Amargosa: Prefeito processa vereadora por divulgação de Fake News

O prefeito de Amargosa, cidade localizada a cerca de 241km de Salvador, Júlio Pinheiro (PT), processou a vereadora Viviane Peixoto de Santana (PSDB), por supostamente divulgar informações falsas no Facebook, em meio à pandemia do novo coronavírus.
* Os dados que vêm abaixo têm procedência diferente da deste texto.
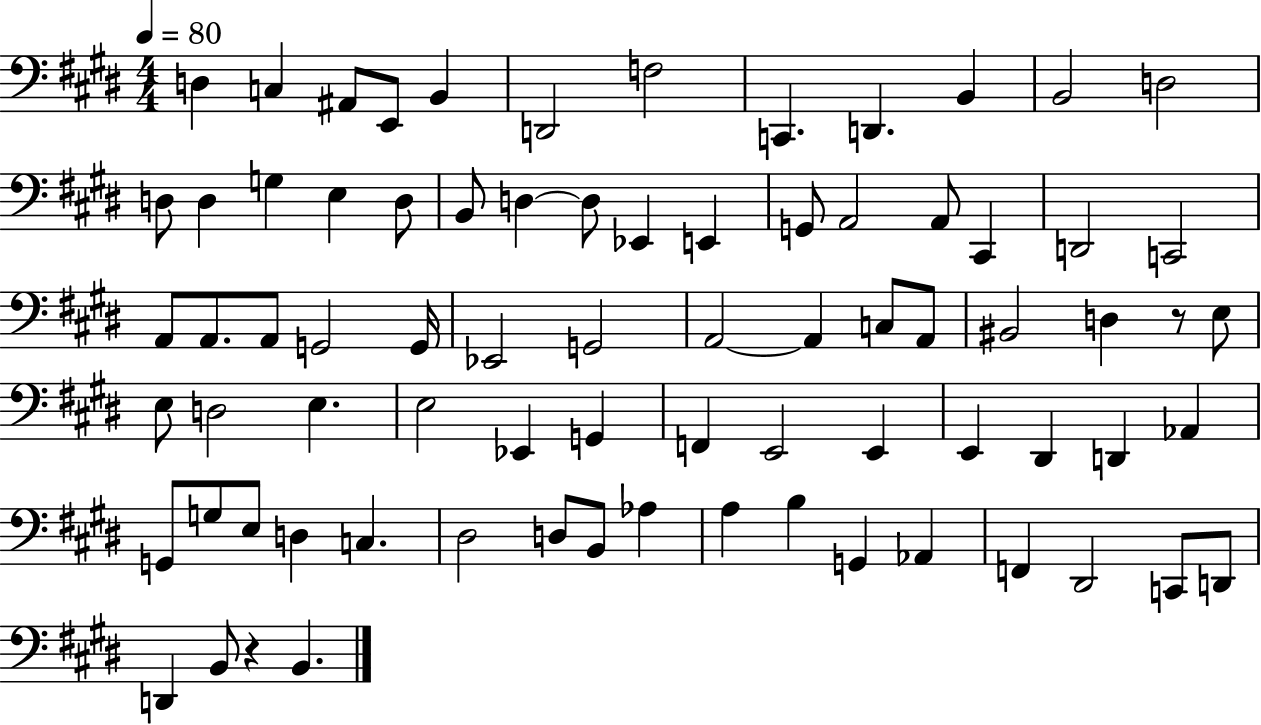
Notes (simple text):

D3/q C3/q A#2/e E2/e B2/q D2/h F3/h C2/q. D2/q. B2/q B2/h D3/h D3/e D3/q G3/q E3/q D3/e B2/e D3/q D3/e Eb2/q E2/q G2/e A2/h A2/e C#2/q D2/h C2/h A2/e A2/e. A2/e G2/h G2/s Eb2/h G2/h A2/h A2/q C3/e A2/e BIS2/h D3/q R/e E3/e E3/e D3/h E3/q. E3/h Eb2/q G2/q F2/q E2/h E2/q E2/q D#2/q D2/q Ab2/q G2/e G3/e E3/e D3/q C3/q. D#3/h D3/e B2/e Ab3/q A3/q B3/q G2/q Ab2/q F2/q D#2/h C2/e D2/e D2/q B2/e R/q B2/q.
O protocolo foi validado na última segunda-feira (20), na comarca judicial da cidade. A ação acusa a vereadora de ter publicado informações mentirosas, e em tom calunioso, referentes a uma pesquisa de opinião pública, recém-contratada pela prefeitura, com o objetivo de avaliar o serviço de saúde municipal, e as medidas implementadas até o momento para combater o COVID-19.

A contratação da pesquisa foi publicada no Diário Oficial do dia 16 de Abril. No dia seguinte ao ato regimentar, a vereadora Viviane Peixoto, segundo a parte acusadora, postou em sua página na rede social um questionário falso, produzido por terceiros, sobre o cenário político da cidade. Ainda segundo o denunciante, a publicação insinuava que o levantamento a ser realizado pela prefeitura seria, na verdade, uma pesquisa eleitoral, afirmando que o prefeito estaria gastando o dinheiro da população para se autopromover.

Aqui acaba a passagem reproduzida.